Fotoğraf: Alamy Stock Photo
Bugünün gençleri “Creative Maximalism” adı verilen, yoğunluk ve katmanlılık üzerine kurulu yeni bir estetik anlayış geliştirdi. Bu estetik dört temel özelliğe dayanıyor:
Videolar, katmanlı görseller, ikonlar ve çok hızlı kurgularla dolu. Tek bir ekranda çok fazla bilgi ve görsel ipucu yer alıyor. Örneğin; kısa video formatlarında (Shorts, Reels) dans koreografilerinin üzerine emojiyle verilen talimatlar ekleniyor ya da “fancam” videolarında aşırı hızlı sahne kesmeleri kullanılıyor.
İçerikler artık tek bir kişinin üretimiyle sınırlı değil; büyük topluluklar tarafından sürekli genişletiliyor. Örneğin “Skibidi Toilet” fenomeni, başta tuvaletlerden çıkan kafaların var olduğu videolar zamanla animasyonlara dönüştü. Hatta bu konsept üzerine 4 milyondan fazla video üretildi.

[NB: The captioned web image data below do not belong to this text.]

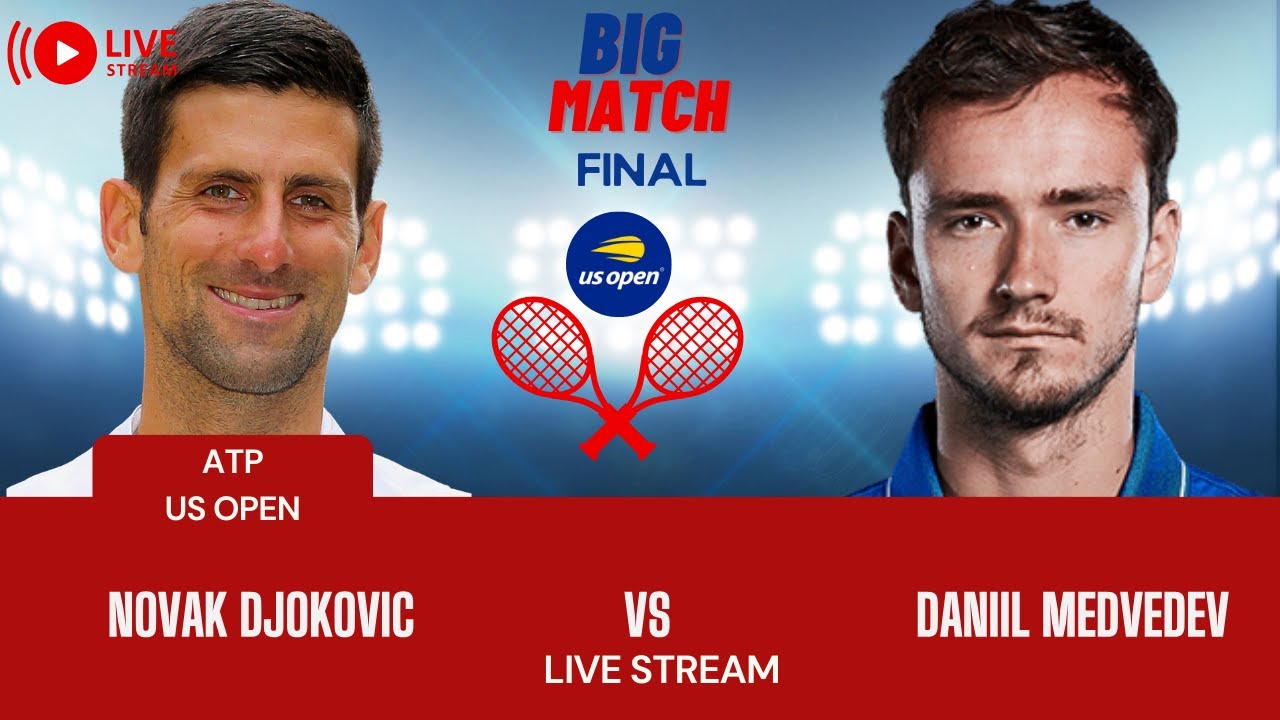 ATP LIVE NOVAK DJOKOVIC VS DANIIL MEDVEDEV ATP US OPEN 2023 TENNIS PREVIEW STREAM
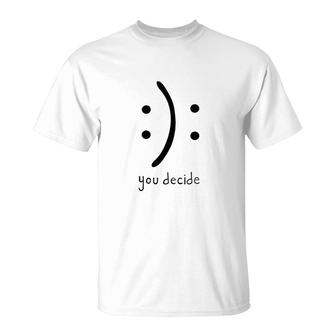 You Decide Smile Or Sad Face New In 2022 T-Shirt - Seseable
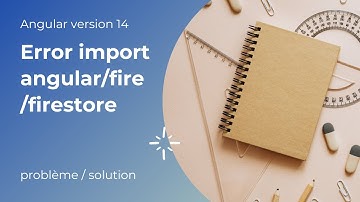 Angular 14 error import angular/fire/firestore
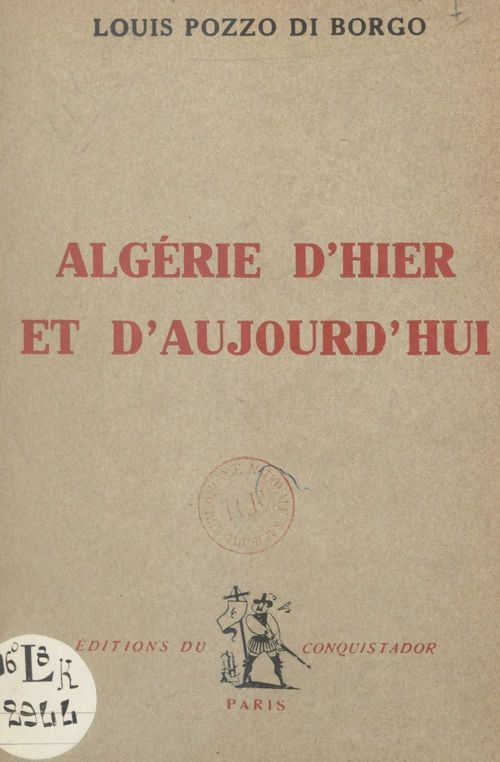 ebook cover of Algérie d'hier et d'aujourd'hui, by Louis Pozzo Di Borgo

İçerikler internet altkültürlerinden gelen şakalar, mem’ler ve referanslarla dolu. Örneğin, “Spinning Cat” adlı kısa videonun bir şarkıya dönüştürülmesi ya da yaz aylarında popüler olan emote (dijital ortamda duygu veya tepkiyi ifade eden görsel/animasyon) trendleri, izleyicilerin internet kültürüne olan aşinalığını ölçüyor ve topluluk aidiyetini pekiştiriyor.

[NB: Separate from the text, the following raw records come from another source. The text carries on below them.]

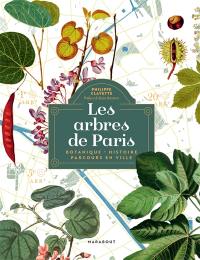 Les arbres de Paris : botanique, histoire, parcours en ville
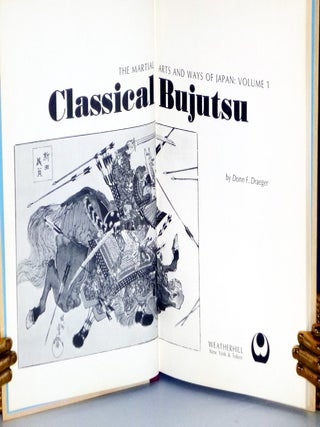 The Martial Arts and Ways of Japan, (3 Vol Set, Vol. I Classical Bujutsu, Vol. II, Classical Budo and Volume III, Modern Bujutsu & Budo).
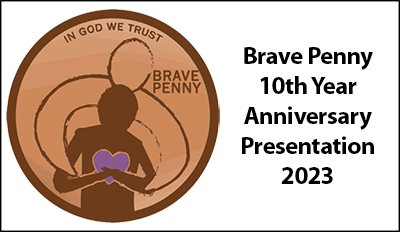 Brave Penny 10th Year Anniversary Presentation 400x232 Brave Penny 10th Year Anniversary Presentation 400x232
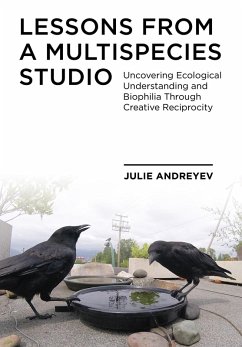 Lessons from a Multispecies Studio (eBook, ePUB) - Andreyev, Julie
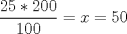 TEX: $\dfrac{25*200}{100}=x=50$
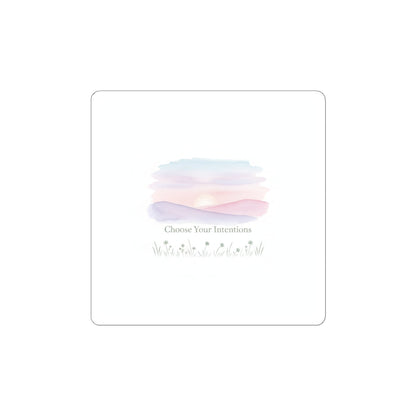 Choose Your Intentions Sticker | intention sticker, mindful wellness
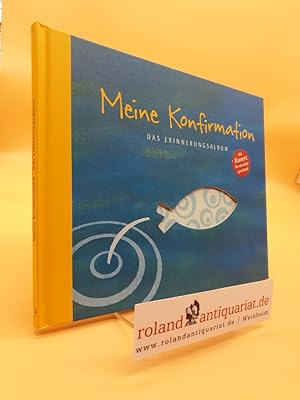 Seller image for Meine Konfirmation: Das Erinnerungsalbum for sale by Roland Antiquariat UG haftungsbeschrnkt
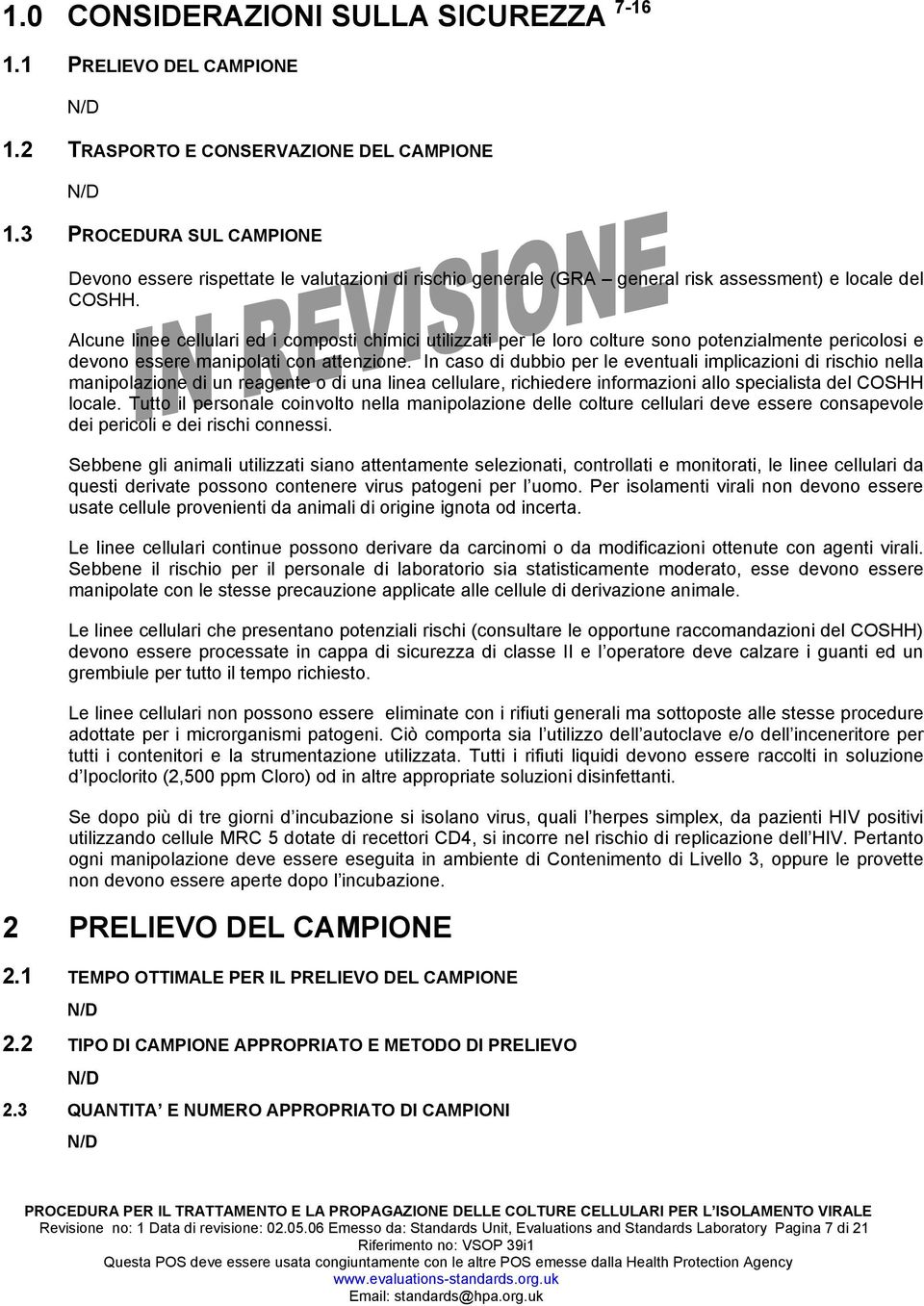 Alcune linee cellulari ed i composti chimici utilizzati per le loro colture sono potenzialmente pericolosi e devono essere manipolati con attenzione.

Gençler artık dünya kültürlerini benimsemiş durumda. Bunun örnekleri arasında; Fransa’dan çıkan ve 90 milyon izlenen “Le poisson Steve”, Japonya’dan çıkan “Nani Ga Suki”nin küresel bir içerik dalgasına dönüşmesi, Brezilya kökenli phonk müziğin farklı kültürel katkılarla yeniden şekillenmesi veya Güney Kore’den çıkan “Alien Stage”in ABD’de büyük bir hayran kitlesi kazanması bulunuyor.

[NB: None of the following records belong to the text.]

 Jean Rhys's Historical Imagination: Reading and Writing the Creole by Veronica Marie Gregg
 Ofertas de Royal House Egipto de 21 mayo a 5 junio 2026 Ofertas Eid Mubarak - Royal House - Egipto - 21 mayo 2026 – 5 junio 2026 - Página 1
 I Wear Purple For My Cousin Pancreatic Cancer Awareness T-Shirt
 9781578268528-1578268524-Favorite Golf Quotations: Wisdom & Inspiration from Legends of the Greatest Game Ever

Bugünün gençliği için kültür, yalnızca izlemekle sınırlı değil; yaratmak, dönüştürmek ve paylaşmakla anlam kazanıyor. Creative Maximalism, gençlerin üretim biçimlerinin ötesinde markaların ve geleneksel medya kurumlarının da benimsediği bir estetik haline geldi. NFL’in fikstür tanıtım videolarında ya da markaların sosyal medya stratejilerinde bu dili görmek mümkün. Öte yandan Nutter Butter gibi markalar kampanyalarında bu tarzı kullanıyor ve Hollywood YouTube projelerine yöneliyor. Üretken yapay zekâ araçlarının yaygınlaşması, karmaşık görsel-işitsel üretimleri kolaylaştırarak bu süreci hızlandırıyor. “Italian Brain Rot” gibi fenomenlerin doğrudan yapay zekâ ile üretilmiş olması, bu estetiğin gelecekte daha da güçleneceğini gösteriyor.
Gençler yalnızca içerik tüketmiyor; hikâyelerin ortak yazarları oluyor. Araştırmalara göre, yüzde 34’ü son bir yıl içinde bir içerik serisine ya da projeye katkıda bulunduğunu belirtiyor. SCP Foundation, Backrooms ve 2025’in en büyük kültürel olgularından biri haline gelen Italian Brain Rot gibi evrenler, bu katılımcı üretim modelinin örnekleri arasında bulunuyor. Çok katmanlı içerik dili, üretken yapay zekâyı zorunlu kılıyor ve AI, bu yeni kültürel estetiğin en güçlü üretim aracı haline geliyor.